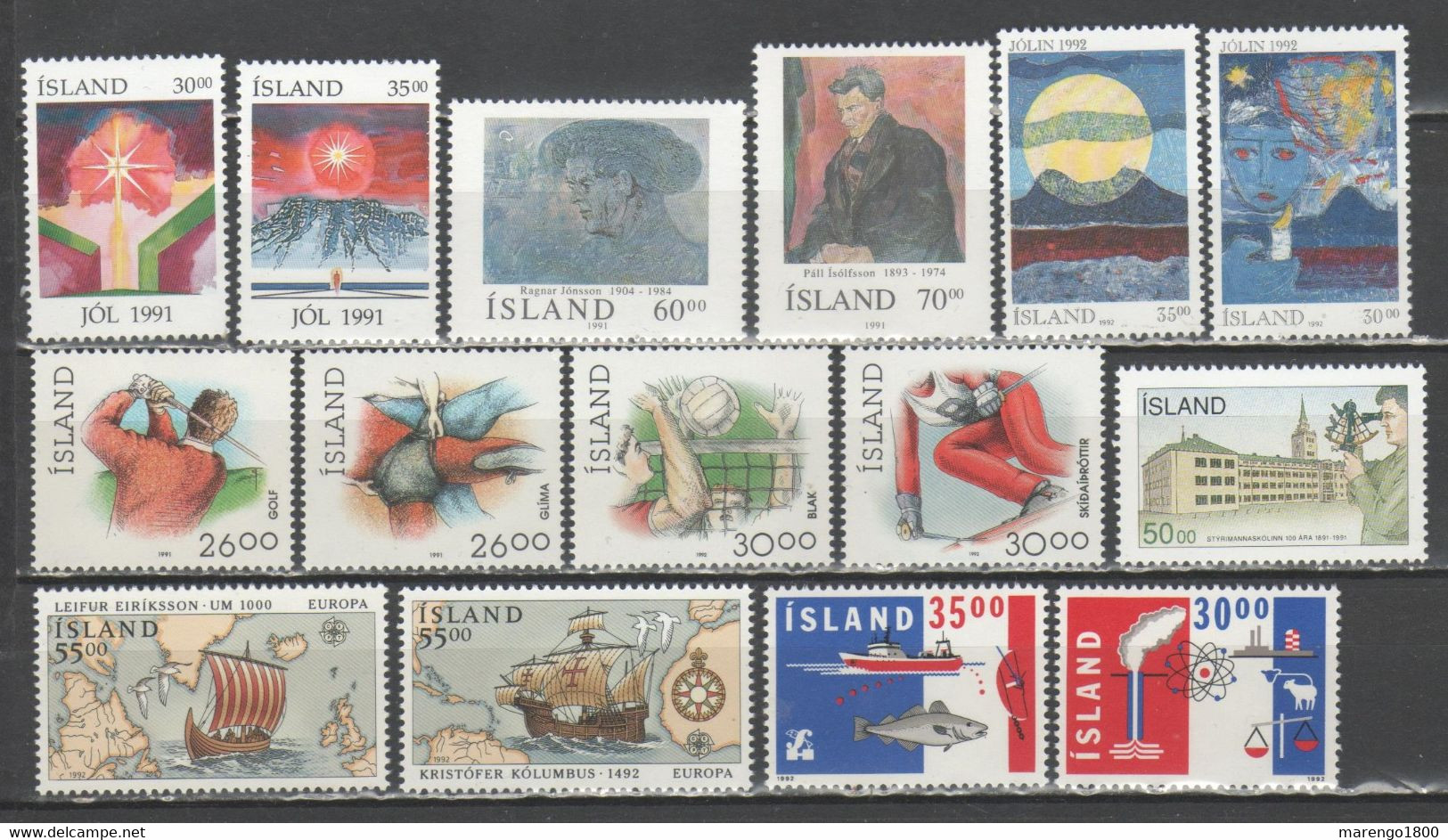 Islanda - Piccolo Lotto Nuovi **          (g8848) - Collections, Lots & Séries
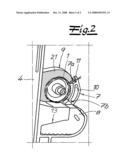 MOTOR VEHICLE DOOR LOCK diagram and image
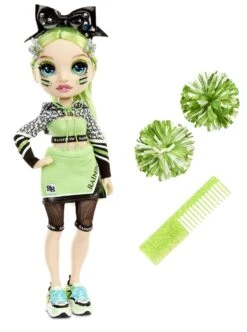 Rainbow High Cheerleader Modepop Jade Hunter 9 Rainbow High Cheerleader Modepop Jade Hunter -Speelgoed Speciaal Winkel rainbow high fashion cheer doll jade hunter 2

^^^^^^^^^^^^^^^^

_Task objective:_ Retype all of the material above precisely as it reads. Pictures are not part of the copy.

_Task result:_
 Islanda - Piccolo Lotto Nuovi **          (g8848) - Collections, Lots & Séries
 MOTOR VEHICLE DOOR LOCK diagram and image
 Rainbow High Cheerleader Modepop Jade Hunter 9 Rainbow High Cheerleader Modepop Jade Hunter -Speelgoed Speciaal Winkel rainbow high fashion cheer doll jade hunter 2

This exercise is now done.